# Exercise brief:
Reproduce, exactly and in full, the lines from the one with "#SnowMan #SnowMan衣装 #SnowMan私服" through the one with "Черный Ниссан Кашкай, объемом" in the data below; drop pictures.

# Information given:
^^^^^^^^^^^^^^^^
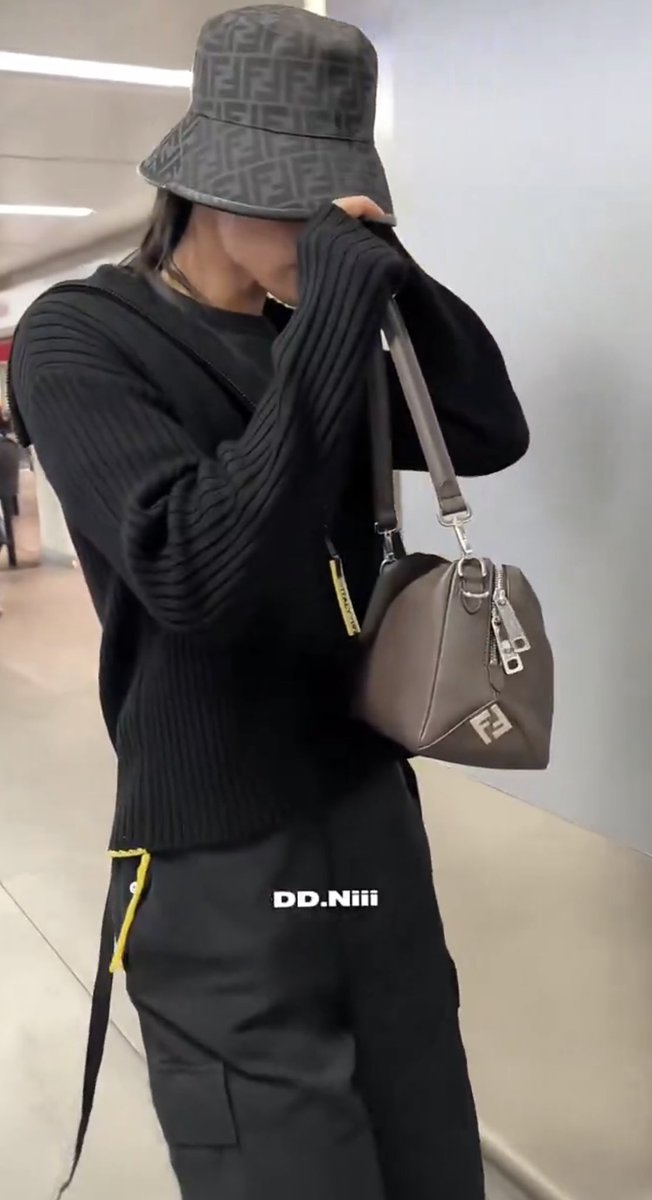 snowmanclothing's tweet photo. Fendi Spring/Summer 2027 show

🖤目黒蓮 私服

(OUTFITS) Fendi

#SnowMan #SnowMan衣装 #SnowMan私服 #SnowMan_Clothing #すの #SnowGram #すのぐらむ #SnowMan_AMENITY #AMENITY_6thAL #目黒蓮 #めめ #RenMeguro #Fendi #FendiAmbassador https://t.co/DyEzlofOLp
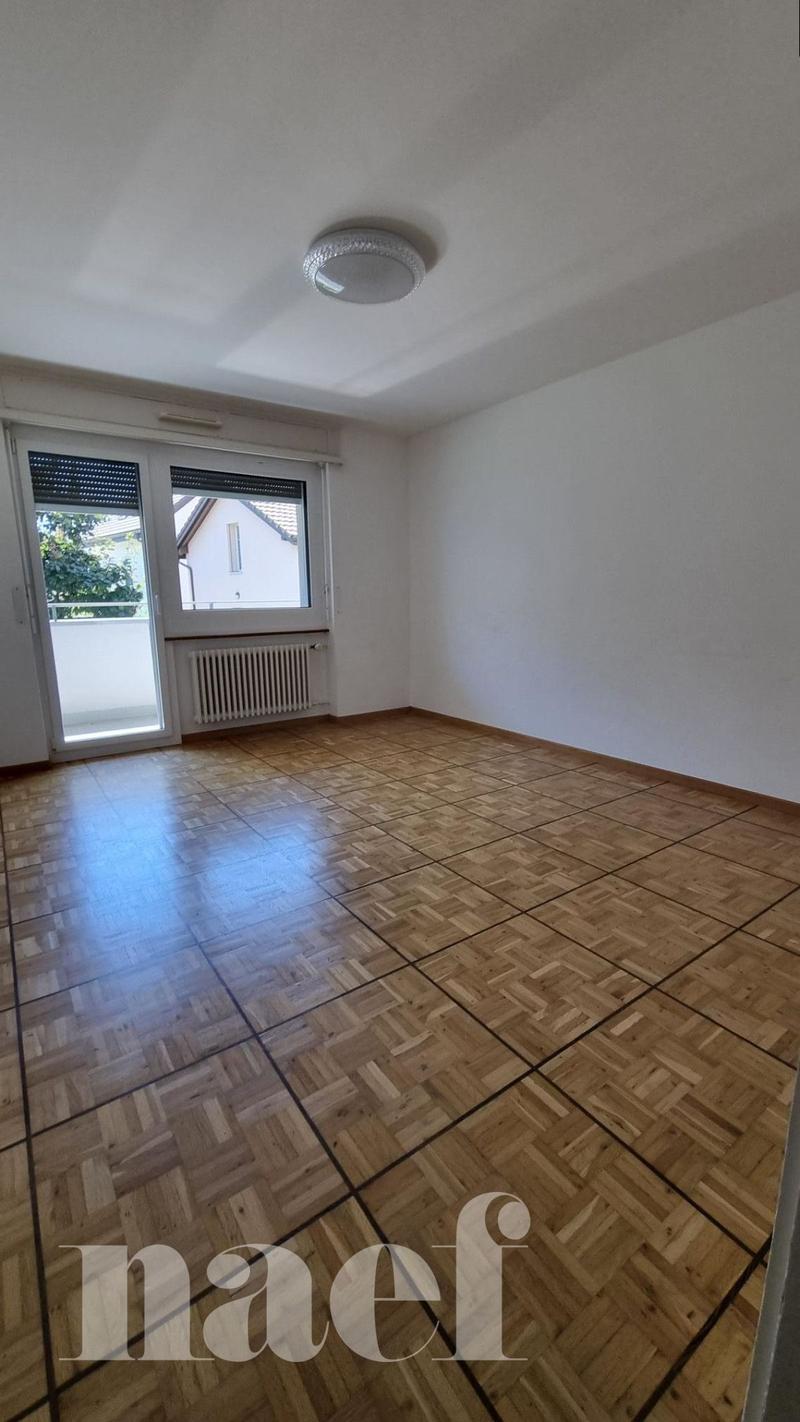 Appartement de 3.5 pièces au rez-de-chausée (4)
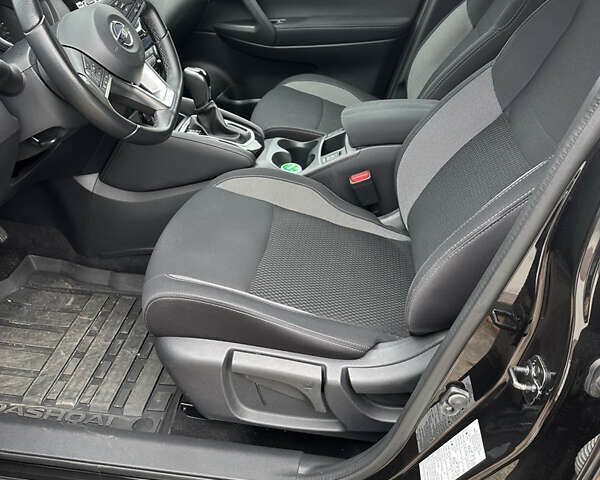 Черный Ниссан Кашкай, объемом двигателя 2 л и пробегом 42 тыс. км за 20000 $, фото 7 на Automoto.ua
^^^^^^^^^^^^^^^^
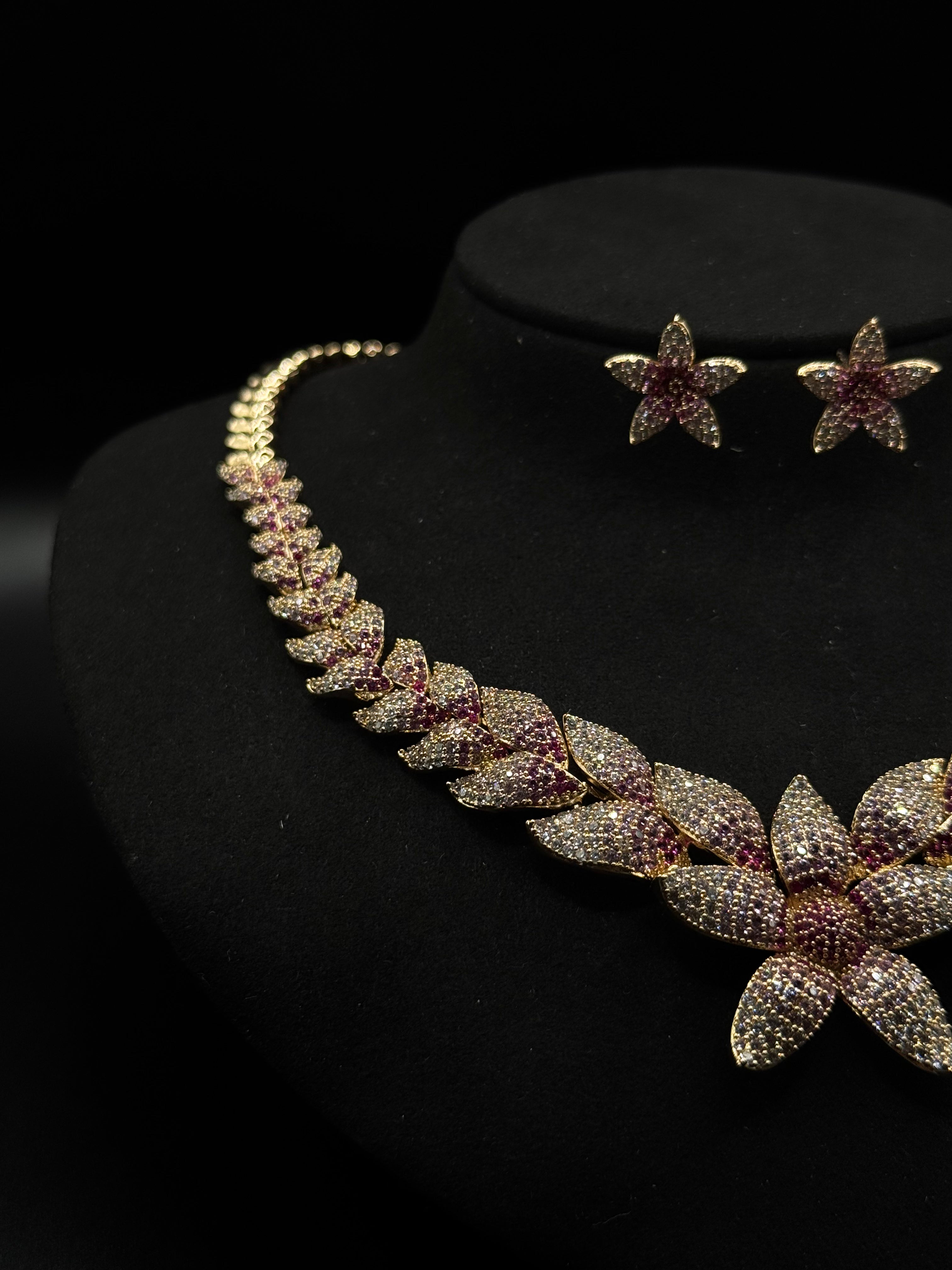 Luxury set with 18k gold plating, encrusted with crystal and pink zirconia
^^^^^^^^^^^^^^^^
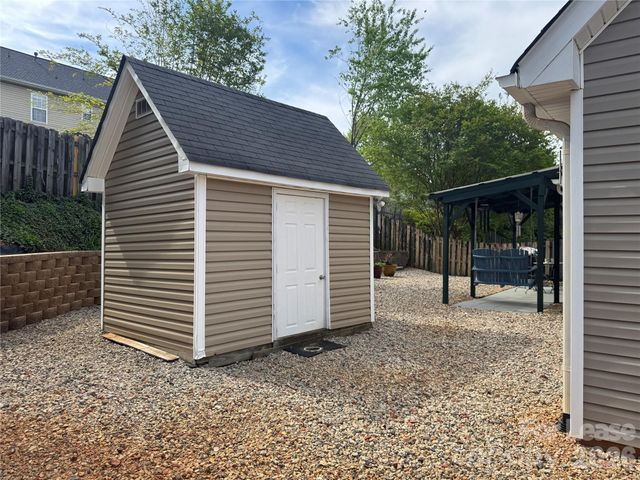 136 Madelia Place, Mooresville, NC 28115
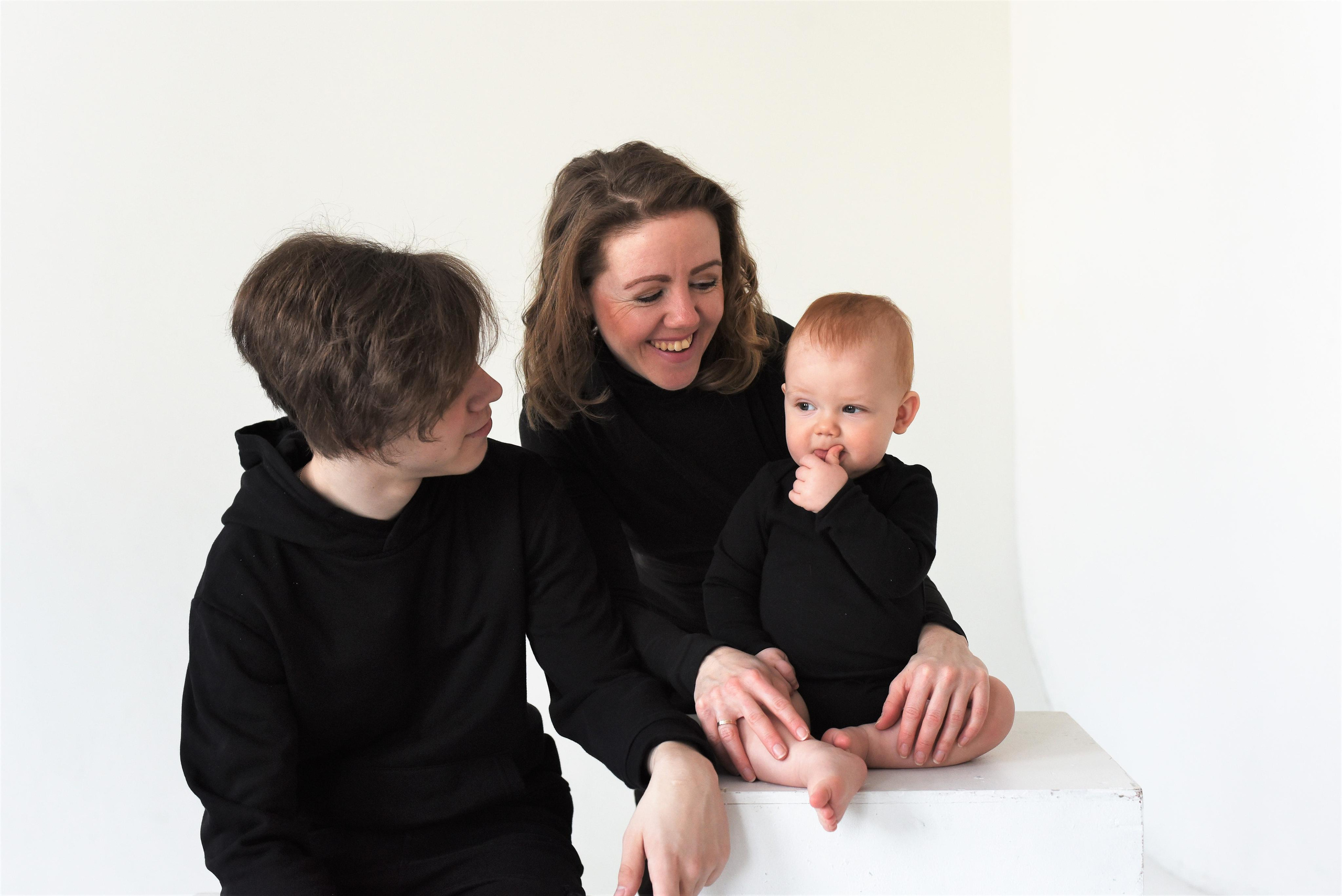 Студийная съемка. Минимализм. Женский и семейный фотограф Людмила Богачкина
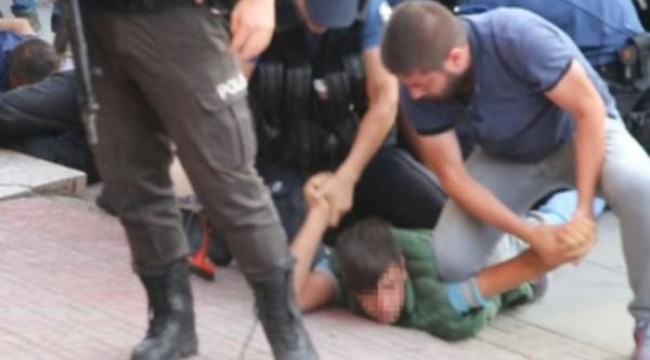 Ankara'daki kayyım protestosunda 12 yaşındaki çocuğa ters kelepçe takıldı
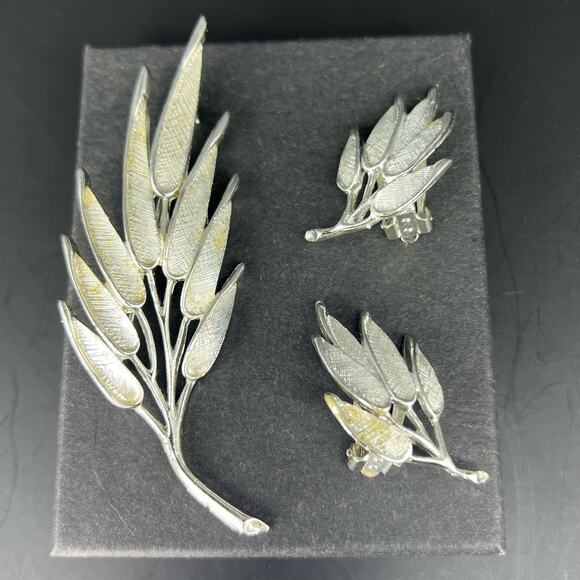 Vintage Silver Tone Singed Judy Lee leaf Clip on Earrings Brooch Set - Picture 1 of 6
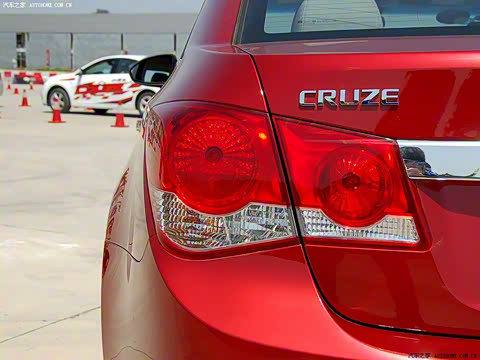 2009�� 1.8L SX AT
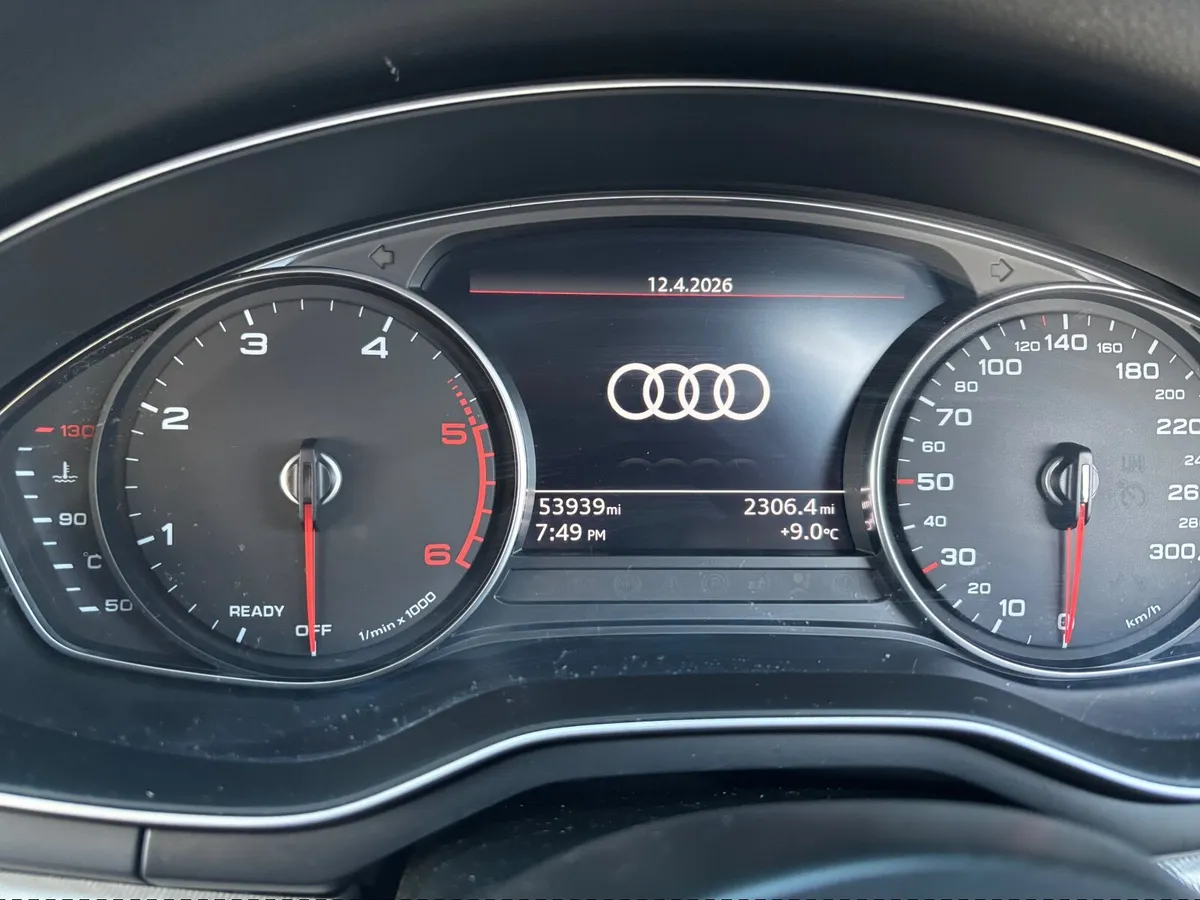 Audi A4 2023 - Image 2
^^^^^^^^^^^^^^^^
# Answer box:
#SnowMan #SnowMan衣装 #SnowMan私服 #SnowMan_Clothing #すの #SnowGram #すのぐらむ #SnowMan_AMENITY #AMENITY_6thAL #目黒蓮 #めめ #RenMeguro #Fendi #FendiAmbassador https://t.co/DyEzlofOLp
 Appartement de 3.5 pièces au rez-de-chausée (4)
 Черный Ниссан Кашкай, объемом двигателя 2 л и пробегом 42 тыс. км за 20000 $, фото 7 на Automoto.ua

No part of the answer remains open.